The tale of another drunken PAPD officer and the ensuing Internal Affairs Investigation

Synopsis: At about 5:00 a.m., City of San Francisco police received a 911 call from a young woman requesting help. Her boyfriend had just left their hotel room and she believed he was headed to the hotel roof and might be planning to commit suicide.

Officers arrived and contacted the woman who told them her boyfriend was an off-duty Palo Alto Police Officer who was extremely intoxicated and emotionally down on himself.

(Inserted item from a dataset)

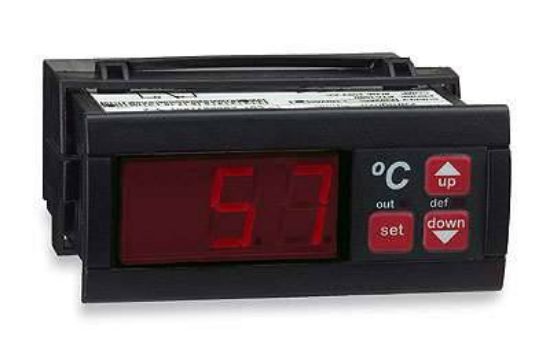 Dwyer Temperature Controller Thermistor TS2-020, 230V, -10°C to 55°C, ±1°C Accuracy, 1° resolution, Relay: SPDT, 3 digit red LED display_1184350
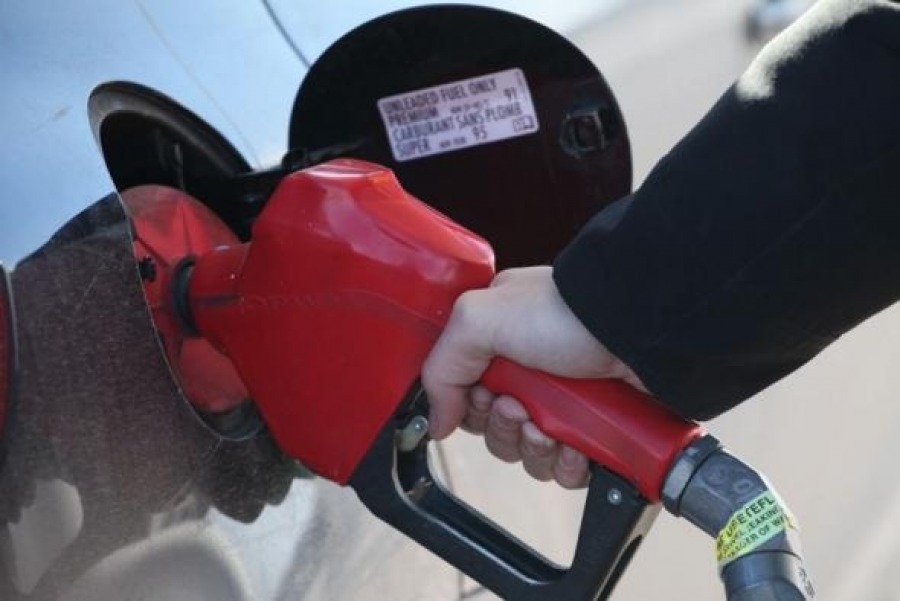 К лету цена на бензин может достичь $1,45 за литр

His gun had been left in the hotel safe. She showed them a note on hotel stationary that appeared to be a makeshift will written by the off-duty officer. The female friend reached the off-duty officer by cell phone but he would not tell her his location.

He also refused to provide his location to an SFPD sergeant who got on the phone. SFPD officers searched throughout the area and quickly located the off-duty officer walking on a nearby sidewalk.

The off-duty officer said that he had no intention of committing suicide; the SFPD officers nevertheless decided to detain the off-duty officer for a psychiatric evaluation and took him to a hospital.

Hospital personnel examined the offduty officer and, after a few hours, released him to Palo Alto PD supervisors, who had been notified in the meantime. They took him back to the Palo Alto Police station, placed him on administrative leave, retained his firearm and opened an Internal Affairs investigation of the incident.

The original 911 caller, the officer’s female friend, did not cooperate with any of the investigator’s several follow up attempts to contact and interview her. Ultimately, the investigation concluded that the officer did violate the Department’s policy against “conduct on or off duty unbecoming of a member of the Department…and which tends to reflect unfavorably on the Department or its members.”

The Chief of Police imposed discipline upon the officer in the form of a written reprimand. The officer was also required to write a letter of apology to the San Francisco Police Department. The officer has also been referred to the Employee Assistance Program, an evaluation and counseling service that provides services and referrals for employees who voluntarily seek assistance with substance abuse or psychological issues.

Recommendation: The IPA reviewed the police reports. The IPA agrees that the Department’s sustained finding of a violation of its “conduct unbecoming” policy was an appropriate finding.

The officer’s conduct unnecessarily consumed the resources of another police agency and he was less than cooperative with them. Our main concern, however, is whether the Department has made the appropriate decisions regarding the future status of the officer within the PAPD. The Department is to be commended for performing an exhaustive investigation of this incident to determine as much relevant information as possible.